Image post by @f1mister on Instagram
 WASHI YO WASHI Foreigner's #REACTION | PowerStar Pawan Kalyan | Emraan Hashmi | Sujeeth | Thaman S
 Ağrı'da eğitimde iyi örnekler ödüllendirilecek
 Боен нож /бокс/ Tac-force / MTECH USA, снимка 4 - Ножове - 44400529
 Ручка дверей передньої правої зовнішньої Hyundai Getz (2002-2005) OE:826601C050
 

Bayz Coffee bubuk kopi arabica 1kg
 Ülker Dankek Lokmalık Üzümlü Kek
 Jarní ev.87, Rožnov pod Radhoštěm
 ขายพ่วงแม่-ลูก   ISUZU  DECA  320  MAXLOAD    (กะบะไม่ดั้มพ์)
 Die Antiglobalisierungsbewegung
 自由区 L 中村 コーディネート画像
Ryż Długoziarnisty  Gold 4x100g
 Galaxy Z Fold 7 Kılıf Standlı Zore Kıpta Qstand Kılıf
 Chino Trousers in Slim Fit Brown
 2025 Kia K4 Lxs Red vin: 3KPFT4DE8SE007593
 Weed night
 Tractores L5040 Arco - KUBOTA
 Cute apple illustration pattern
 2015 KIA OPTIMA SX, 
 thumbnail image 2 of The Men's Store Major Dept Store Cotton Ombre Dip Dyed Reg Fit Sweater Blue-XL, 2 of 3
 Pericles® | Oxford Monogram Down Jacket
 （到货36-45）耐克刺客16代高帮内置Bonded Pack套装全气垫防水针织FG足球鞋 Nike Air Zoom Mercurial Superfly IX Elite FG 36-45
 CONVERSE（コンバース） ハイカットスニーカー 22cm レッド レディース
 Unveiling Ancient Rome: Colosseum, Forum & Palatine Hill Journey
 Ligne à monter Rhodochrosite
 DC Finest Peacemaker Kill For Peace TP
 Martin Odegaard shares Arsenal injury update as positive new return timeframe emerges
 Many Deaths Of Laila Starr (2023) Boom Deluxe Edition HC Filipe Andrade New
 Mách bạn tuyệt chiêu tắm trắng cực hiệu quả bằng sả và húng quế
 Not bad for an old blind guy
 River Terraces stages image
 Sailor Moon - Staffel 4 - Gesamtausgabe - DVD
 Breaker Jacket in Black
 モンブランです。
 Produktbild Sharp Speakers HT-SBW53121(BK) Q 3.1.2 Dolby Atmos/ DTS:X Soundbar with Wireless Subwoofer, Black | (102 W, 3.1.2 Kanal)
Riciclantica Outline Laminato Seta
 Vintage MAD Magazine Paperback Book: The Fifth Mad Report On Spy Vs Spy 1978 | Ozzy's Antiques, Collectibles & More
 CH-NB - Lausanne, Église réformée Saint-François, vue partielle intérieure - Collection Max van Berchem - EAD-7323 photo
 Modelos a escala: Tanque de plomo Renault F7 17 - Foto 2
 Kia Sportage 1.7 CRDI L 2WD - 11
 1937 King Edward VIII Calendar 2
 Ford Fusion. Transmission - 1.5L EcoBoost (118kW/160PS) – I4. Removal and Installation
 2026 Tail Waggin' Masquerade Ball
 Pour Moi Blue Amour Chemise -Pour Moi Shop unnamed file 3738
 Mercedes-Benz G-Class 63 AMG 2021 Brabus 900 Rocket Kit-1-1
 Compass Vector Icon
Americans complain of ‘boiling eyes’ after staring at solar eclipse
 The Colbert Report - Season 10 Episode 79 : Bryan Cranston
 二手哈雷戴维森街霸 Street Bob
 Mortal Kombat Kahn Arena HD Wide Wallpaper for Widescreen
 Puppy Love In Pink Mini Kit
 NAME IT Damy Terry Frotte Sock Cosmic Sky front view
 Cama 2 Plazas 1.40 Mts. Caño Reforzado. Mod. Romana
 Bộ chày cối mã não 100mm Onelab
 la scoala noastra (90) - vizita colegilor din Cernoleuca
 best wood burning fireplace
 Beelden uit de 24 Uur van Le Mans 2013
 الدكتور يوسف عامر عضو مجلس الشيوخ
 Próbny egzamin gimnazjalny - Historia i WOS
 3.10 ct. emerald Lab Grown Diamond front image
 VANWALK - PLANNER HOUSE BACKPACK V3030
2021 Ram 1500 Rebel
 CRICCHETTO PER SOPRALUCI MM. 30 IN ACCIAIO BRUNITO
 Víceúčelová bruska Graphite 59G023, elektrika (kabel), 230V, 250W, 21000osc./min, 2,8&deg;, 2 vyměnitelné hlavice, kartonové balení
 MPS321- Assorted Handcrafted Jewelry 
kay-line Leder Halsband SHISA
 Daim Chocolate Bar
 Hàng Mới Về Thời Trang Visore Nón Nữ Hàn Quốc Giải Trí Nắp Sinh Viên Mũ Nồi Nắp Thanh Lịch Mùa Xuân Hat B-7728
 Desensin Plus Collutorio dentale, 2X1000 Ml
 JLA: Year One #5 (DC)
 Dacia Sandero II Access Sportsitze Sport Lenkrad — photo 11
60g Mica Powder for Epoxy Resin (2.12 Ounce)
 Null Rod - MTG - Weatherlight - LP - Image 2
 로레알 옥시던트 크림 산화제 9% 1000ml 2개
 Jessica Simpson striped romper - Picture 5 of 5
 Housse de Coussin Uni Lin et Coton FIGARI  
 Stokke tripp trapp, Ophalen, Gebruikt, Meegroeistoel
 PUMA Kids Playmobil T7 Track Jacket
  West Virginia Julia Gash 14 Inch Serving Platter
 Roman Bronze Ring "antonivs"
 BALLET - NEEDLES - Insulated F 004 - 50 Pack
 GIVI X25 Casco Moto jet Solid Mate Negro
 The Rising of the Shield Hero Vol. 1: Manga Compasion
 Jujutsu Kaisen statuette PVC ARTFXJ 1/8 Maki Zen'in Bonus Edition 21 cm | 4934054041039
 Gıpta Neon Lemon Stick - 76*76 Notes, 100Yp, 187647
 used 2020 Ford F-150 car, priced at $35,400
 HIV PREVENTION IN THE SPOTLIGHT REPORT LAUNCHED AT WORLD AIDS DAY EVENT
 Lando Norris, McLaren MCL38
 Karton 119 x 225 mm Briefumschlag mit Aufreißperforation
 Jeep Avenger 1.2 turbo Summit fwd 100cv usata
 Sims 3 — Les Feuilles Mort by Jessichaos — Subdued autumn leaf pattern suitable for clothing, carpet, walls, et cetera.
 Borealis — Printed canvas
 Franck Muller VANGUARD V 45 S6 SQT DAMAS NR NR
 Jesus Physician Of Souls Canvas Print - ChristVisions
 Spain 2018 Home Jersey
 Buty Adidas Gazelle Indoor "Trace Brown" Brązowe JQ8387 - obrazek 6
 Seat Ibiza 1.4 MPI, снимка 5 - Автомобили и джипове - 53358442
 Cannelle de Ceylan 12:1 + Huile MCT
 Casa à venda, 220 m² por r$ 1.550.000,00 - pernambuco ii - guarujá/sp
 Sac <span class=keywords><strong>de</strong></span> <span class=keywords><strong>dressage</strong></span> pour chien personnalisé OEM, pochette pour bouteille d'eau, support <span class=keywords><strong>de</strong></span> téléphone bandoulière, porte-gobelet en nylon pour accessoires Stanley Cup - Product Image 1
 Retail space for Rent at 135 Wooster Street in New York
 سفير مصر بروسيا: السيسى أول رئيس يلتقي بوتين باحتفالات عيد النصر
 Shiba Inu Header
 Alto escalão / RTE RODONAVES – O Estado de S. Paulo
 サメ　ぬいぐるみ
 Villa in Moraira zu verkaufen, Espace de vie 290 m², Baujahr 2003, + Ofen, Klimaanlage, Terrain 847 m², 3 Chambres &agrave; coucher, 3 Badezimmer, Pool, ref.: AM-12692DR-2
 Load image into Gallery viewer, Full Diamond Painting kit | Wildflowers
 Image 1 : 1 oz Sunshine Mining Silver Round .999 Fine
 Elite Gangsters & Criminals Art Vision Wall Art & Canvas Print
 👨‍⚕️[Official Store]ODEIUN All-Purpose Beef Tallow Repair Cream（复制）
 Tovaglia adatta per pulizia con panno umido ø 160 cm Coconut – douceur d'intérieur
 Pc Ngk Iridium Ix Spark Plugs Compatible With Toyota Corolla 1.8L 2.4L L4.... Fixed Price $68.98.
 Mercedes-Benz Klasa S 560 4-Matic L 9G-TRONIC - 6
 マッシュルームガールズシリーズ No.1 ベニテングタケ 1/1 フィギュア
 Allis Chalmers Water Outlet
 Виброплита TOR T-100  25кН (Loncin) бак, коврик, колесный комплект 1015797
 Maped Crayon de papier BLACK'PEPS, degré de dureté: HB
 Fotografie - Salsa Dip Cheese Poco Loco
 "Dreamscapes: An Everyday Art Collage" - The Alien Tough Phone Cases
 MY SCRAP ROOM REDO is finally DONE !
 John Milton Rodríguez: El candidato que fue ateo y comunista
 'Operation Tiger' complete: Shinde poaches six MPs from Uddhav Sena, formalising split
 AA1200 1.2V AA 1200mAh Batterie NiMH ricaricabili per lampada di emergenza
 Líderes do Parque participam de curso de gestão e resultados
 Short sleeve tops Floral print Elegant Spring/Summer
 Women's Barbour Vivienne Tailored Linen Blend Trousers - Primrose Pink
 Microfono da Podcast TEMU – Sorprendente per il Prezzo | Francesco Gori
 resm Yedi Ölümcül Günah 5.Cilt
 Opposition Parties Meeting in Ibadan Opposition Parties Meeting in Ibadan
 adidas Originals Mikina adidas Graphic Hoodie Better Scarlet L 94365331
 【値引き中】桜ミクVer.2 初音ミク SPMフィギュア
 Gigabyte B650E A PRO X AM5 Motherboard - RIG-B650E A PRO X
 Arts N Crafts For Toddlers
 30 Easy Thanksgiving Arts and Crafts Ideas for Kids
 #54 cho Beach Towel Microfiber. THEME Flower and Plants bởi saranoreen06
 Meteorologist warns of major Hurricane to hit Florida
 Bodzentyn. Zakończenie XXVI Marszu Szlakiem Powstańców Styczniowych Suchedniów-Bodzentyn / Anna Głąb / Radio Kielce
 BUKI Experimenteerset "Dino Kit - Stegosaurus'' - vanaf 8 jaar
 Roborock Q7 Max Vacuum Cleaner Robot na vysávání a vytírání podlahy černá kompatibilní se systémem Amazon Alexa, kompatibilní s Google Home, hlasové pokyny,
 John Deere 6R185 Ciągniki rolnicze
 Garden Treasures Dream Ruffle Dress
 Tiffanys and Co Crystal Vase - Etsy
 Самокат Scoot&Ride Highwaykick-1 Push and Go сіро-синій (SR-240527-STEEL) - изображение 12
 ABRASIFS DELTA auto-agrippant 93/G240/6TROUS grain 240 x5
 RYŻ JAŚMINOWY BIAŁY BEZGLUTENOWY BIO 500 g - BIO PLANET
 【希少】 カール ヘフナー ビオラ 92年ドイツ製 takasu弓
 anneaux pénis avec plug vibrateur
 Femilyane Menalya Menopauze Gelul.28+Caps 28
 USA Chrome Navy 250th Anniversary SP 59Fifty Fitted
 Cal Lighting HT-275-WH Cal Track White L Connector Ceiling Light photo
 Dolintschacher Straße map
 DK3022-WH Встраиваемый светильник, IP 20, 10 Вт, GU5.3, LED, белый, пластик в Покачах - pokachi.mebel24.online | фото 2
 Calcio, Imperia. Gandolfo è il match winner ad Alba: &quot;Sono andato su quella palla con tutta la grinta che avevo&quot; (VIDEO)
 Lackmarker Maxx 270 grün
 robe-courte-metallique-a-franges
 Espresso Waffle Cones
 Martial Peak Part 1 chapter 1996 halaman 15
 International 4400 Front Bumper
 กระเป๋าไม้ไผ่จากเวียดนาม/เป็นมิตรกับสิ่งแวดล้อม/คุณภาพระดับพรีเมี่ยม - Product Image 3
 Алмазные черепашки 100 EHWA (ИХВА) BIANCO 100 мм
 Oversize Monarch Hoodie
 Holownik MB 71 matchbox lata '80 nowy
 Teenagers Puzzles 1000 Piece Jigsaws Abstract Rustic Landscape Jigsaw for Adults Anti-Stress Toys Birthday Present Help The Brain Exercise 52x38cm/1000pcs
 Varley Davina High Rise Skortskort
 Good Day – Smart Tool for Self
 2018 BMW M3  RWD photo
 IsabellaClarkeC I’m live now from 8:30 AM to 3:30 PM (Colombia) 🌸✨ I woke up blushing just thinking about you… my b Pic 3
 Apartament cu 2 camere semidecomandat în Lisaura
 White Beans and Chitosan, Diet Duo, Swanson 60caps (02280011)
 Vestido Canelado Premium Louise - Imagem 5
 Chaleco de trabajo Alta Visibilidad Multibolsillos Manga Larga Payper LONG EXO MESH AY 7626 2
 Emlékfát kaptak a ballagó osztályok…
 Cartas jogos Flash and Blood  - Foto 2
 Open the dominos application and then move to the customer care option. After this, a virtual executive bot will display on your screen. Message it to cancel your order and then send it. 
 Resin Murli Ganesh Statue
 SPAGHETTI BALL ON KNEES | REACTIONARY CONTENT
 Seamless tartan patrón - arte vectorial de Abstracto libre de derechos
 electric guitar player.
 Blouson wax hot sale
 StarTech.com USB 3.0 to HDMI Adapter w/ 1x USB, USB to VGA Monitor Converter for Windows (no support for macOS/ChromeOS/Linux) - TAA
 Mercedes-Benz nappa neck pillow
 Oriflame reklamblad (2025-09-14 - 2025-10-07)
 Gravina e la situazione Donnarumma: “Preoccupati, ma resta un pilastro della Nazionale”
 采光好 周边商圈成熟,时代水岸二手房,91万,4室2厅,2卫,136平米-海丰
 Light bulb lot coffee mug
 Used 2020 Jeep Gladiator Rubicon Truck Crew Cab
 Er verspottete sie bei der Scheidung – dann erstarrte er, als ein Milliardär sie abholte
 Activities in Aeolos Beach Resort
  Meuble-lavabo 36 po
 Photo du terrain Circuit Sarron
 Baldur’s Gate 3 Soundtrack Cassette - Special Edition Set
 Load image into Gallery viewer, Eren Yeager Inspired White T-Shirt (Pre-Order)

Directions for this task | Go through the listing above and write out exactly the lines starting with the one holding "Ford Fusion. Transmission" and running through the one holding "Americans complain of", ends included, and no others.

Solution for this task |
 Ford Fusion. Transmission - 1.5L EcoBoost (118kW/160PS) – I4. Removal and Installation
 2026 Tail Waggin' Masquerade Ball
 Pour Moi Blue Amour Chemise -Pour Moi Shop unnamed file 3738
 Mercedes-Benz G-Class 63 AMG 2021 Brabus 900 Rocket Kit-1-1
 Compass Vector Icon
Americans complain of ‘boiling eyes’ after staring at solar eclipse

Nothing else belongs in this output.